The Royalmount Mall, seen here two days before its official opening, is near the busy Decarie Expressway. To address concerns that shoppers could disrupt the nearby roadway, the developer designed and built a $50 million, 200-metre footbridge over the Decarie Expressway to the De la Savane metro station. (Kristian Gravenor/CoStar)

Carbonleo, a development company controlled by Lutfy, has some retail skin in the Royalmount Mall with an 8,000-square-foot Dynamite store, a popular clothing chain where Lutfy launched his career as a stock clerk in 1982 before rising to chief executive officer.

Lutfy’s Carbonleo is also financing a large flagship beauty store known as Rennaï that plans to offer beauty products and other related services.

No shortage of high-end vendors

The mall has no shortage of high-end watch and jewelry vendors, including outlets of Tiffany and Co., David Yurman, TAG Heuer, Tudor, IWC, Omega, Montblanc, and TimeVallée. The shopping centre is also set to contain the largest Rolex boutique in Canada.

The food court has been dubbed Le Fou Fou and contains about 900 indoor seats and another 400 outdoor seats. The food mall is set to offer a dozen dining options as well as four bars and in-house catering. It is also slated to contain a large-scale aquarium to be completed around 2026.

Carbonleo CEO Andrew Lutfy, the main force behind the project, talked to journalists on a tour prior to the launch of Royalmount Mall from the skybridge connecting the shopping centre to the metro. (Kristian Gravenor/CoStar)

Carbonleo has planned the current retail operation as the first of several development stages. Plans call for several additions to the site, including a luxury hotel on the southern flank and five office towers on the northern end.

Lutfy said the towers would be A-class downtown structures, similar to 1000 De La Gauchetière W. and the new National Bank headquarters.

"Some say the office sector is the worst commercial real estate sector these days, which is absolutely true," Lutfy said.

Major undertaking

The Royalmount Mall is not only the largest retail real estate project in Montreal in many years but it has also sparked concerns that large numbers of shoppers could increase traffic on the Decarie Expressway, the busy traffic hub it ajoins. The mall would become Canada’s second-largest behind the West Edmonton Mall if all the planned stages are ever built out.

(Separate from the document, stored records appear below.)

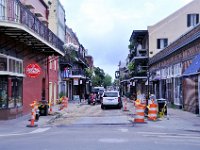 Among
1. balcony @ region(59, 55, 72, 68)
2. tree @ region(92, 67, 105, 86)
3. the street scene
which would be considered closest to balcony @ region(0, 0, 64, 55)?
the street scene

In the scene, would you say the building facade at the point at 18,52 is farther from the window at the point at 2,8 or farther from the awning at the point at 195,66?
the awning at the point at 195,66

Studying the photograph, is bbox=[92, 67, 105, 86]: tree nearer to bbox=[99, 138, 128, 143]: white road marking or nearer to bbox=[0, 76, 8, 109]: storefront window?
bbox=[0, 76, 8, 109]: storefront window

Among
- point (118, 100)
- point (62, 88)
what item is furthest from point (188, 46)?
point (62, 88)

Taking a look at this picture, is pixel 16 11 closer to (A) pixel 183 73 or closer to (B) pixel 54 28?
(A) pixel 183 73

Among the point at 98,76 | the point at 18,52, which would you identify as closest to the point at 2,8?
the point at 18,52

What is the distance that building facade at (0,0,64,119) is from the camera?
21094mm

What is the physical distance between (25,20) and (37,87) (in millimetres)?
10219

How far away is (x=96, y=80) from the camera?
115938mm

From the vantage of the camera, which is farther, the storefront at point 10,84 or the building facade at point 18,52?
the storefront at point 10,84

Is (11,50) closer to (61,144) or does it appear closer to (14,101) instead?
(14,101)

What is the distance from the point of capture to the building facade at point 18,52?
2109 centimetres

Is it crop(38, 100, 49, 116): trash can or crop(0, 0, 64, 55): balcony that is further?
crop(38, 100, 49, 116): trash can

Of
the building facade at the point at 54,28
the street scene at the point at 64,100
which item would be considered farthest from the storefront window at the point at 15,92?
the building facade at the point at 54,28

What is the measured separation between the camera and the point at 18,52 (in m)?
24.8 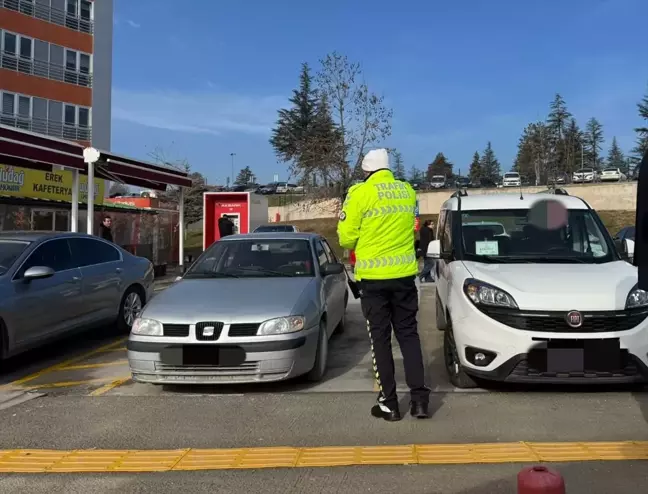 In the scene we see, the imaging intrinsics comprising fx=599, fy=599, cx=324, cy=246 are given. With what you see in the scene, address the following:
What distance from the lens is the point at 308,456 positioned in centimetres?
394

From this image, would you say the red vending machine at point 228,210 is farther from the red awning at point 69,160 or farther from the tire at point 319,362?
the tire at point 319,362

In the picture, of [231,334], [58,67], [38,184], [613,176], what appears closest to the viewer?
[231,334]

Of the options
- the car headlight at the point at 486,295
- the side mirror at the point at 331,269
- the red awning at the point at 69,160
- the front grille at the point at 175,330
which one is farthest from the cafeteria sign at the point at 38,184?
the car headlight at the point at 486,295

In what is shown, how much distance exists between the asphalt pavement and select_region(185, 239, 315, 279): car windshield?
126 centimetres

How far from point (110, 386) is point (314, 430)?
245cm

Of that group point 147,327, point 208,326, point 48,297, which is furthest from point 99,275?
point 208,326

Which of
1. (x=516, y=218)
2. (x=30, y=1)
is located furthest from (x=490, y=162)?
(x=516, y=218)

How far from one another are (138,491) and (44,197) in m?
16.7

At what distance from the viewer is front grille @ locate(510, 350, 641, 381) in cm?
464

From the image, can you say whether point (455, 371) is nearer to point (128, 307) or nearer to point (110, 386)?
point (110, 386)

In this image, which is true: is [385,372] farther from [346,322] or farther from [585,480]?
[346,322]

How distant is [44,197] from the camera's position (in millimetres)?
18203

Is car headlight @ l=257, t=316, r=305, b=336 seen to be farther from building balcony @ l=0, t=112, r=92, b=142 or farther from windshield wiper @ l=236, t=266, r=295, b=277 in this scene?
building balcony @ l=0, t=112, r=92, b=142

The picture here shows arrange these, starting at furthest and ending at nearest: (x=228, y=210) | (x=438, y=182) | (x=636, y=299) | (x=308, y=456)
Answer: (x=438, y=182) < (x=228, y=210) < (x=636, y=299) < (x=308, y=456) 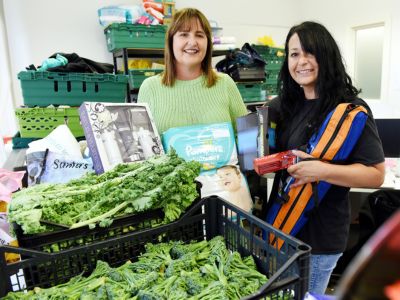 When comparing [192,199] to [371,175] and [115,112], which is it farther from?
[371,175]

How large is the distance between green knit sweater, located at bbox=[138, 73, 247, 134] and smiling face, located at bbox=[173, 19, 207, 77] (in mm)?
100

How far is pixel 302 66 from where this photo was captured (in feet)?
4.03

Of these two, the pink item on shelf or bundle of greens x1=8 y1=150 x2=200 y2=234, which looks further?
the pink item on shelf

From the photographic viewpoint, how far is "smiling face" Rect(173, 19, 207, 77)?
1505 mm

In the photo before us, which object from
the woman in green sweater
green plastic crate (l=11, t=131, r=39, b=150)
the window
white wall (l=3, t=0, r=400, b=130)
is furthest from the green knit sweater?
the window

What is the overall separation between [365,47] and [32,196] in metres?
4.97

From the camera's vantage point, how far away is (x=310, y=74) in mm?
1227

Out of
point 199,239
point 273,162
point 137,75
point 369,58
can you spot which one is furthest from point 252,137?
point 369,58

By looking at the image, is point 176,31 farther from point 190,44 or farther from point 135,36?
point 135,36

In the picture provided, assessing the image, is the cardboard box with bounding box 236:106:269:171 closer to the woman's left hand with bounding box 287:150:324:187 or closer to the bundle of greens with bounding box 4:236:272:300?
the woman's left hand with bounding box 287:150:324:187

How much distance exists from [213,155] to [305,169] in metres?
0.37

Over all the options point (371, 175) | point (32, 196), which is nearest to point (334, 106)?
point (371, 175)

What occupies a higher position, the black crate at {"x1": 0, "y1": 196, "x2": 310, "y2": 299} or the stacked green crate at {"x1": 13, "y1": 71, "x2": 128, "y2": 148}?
the stacked green crate at {"x1": 13, "y1": 71, "x2": 128, "y2": 148}

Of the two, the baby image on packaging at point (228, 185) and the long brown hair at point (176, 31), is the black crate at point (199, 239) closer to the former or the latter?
the baby image on packaging at point (228, 185) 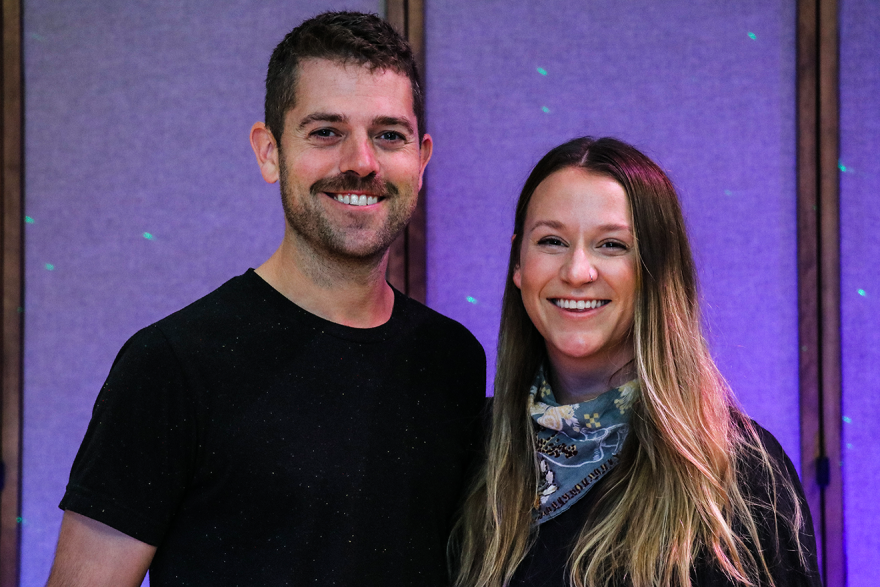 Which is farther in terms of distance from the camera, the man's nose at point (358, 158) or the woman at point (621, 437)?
the man's nose at point (358, 158)

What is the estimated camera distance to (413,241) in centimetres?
222

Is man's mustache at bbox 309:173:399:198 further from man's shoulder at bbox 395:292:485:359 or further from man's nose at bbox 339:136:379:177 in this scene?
man's shoulder at bbox 395:292:485:359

Lutfy told two dozen reporters during a tour of the mall that he aims for two-thirds of shoppers to get to the site via public transit. Carbonleo invested roughly $50 million in a 200-metre footbridge connecting the mall over the Decarie Expressway to the De la Savane metro station to encourage the use of the public transit option.

“I’ve done my part,” said Lutfy. “I have invested $50 million to connect to the metro line. It’s not a small thing. It’s an important connection. It is nearly impossible to execute, to get approval for and yet we did it."

The mall has a dining area branded Le Fou Fou containing roughly 900 indoor seats and 400 outdoor seats. (Kristian Gravenor/CoStar)

Lutfy told CoStar News that his company also owns land across the Decarie Expressway near the metro station where he hopes eventually to build housing.

The demographics in the densely-populated area are promising for the project, according to Lutfy who said that 87% of local millionaire households live within a 20-minute drive of the site and 1.2 million people live within a 15-minute drive, while the area has five times more university-educated residents than the local average.

He said that many nearby residents have a mother tongue other than English or French, and he identified that demographic as being more open to global and American brands.

The shopping centre has 4,000 outdoor parking spaces. Parking is free for 30 minutes or less, and motorists who download the mall's app get a second half-hour free. Each half-hour thereafter costs $2.50.

Carbonleo hopes to include a housing component at the mall but municipal authorities in the Town of Mount Royal have not approved that part of the plan. Lutfy told reporters Tuesday that he plans to persist in seeking approvals to add housing to the property.

The mall was completed with financial help from L. Catterton, an arm of French billionaire Bernard Arnault’s LVMH luxury consumer goods empire.